От отчаяния решаюсь обратиться ко
всем присутствующим с речью. Сказать им, что работаю в кино уже сорок лет,
сделал сорок пять фильмов, что ищу новые пути, стремлюсь обновить свой образный
язык, ведь необходимо постоянно сомневаться в достигнутом. Подчеркнуть, что
я человек с большим опытом, знаю свое дело и возникшая проблема — пустяк.
Если бы я захотел, то мог бы, отъехав, снять общий план сверху, по
диагонали, это было бы превосходным решением. Я, конечно, в Бога не верю,
но дело обстоит не так просто, каждый из нас носит в себе Бога, во всем есть
своя закономерность, которую мы иногда прозреваем, особенно в смертный час.
Вот что мне хочется сказать им, но это ни к чему.

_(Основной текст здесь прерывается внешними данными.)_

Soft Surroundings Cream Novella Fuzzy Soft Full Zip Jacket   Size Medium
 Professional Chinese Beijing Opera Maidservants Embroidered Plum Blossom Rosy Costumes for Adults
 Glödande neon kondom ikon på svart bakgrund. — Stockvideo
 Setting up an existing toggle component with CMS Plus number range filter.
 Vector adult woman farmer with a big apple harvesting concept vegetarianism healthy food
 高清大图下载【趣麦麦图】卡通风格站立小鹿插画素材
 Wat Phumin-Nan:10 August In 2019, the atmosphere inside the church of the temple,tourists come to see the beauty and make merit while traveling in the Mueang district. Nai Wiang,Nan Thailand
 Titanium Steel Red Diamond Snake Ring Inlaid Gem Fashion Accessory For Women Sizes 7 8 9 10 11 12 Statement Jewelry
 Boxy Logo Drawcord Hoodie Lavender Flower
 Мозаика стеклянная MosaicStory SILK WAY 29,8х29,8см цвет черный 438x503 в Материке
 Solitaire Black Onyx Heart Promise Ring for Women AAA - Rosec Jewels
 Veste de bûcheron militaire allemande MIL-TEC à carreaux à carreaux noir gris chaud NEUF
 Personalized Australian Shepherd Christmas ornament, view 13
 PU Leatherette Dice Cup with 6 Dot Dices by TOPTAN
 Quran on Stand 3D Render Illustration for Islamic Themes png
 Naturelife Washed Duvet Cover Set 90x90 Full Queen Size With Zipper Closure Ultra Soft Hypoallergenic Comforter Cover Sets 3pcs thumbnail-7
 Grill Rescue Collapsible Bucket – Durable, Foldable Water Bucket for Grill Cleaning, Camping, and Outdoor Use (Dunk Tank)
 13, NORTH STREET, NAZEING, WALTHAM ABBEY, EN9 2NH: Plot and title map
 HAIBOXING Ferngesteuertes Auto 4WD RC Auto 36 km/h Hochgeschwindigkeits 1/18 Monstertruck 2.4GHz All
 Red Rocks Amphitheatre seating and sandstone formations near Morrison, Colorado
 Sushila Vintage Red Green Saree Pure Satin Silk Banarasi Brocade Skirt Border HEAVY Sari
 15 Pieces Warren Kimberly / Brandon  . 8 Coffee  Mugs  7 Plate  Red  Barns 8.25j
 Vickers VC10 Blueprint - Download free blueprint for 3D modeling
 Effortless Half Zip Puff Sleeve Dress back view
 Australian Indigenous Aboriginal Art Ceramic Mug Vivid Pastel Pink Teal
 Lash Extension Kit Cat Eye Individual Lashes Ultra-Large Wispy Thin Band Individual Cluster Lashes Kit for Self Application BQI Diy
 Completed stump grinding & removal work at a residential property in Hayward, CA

Они уже отошли в глубь
сумрачной студии, сбились в тесный кружок, стоят и спорят. Я не слышу слов, вижу
только их спины. Лечу в огромном самолете, я —
единственный пассажир. Самолет отрывается от взлетной полосы, но не может
набрать высоту и с грохотом несется над городскими проспектами на уровне верхних
этажей. Я заглядываю в окна, там движутся, жестикулируют люди; свинцовое,
предгрозовое небо. Я полагаюсь на искусство пилота и тем не менее сознаю,
что конец близок. И вот уже я парю сам, без
самолета, машу особым образом руками и легко взлетаю, удивляюсь, почему никогда
раньше не пробовал летать, ведь это так просто. В то же время понимаю, что
это — редкий дар, не все умеют летать. А некоторым из тех, кто умеет, приходится
до изнеможения напрягать скрюченные руки и шею, я же парю свободно, как
птица. Лечу над равнинной местностью,
очевидно степью, это, наверное, Россия. Парю над величественной рекой, через
которую перекинут высоченный мост. Под мостом в реку выдается
кирпичное здание, из труб клубится дым, слышится скрежет машин. Это —
фабрика. Река изгибается гигантской лукой.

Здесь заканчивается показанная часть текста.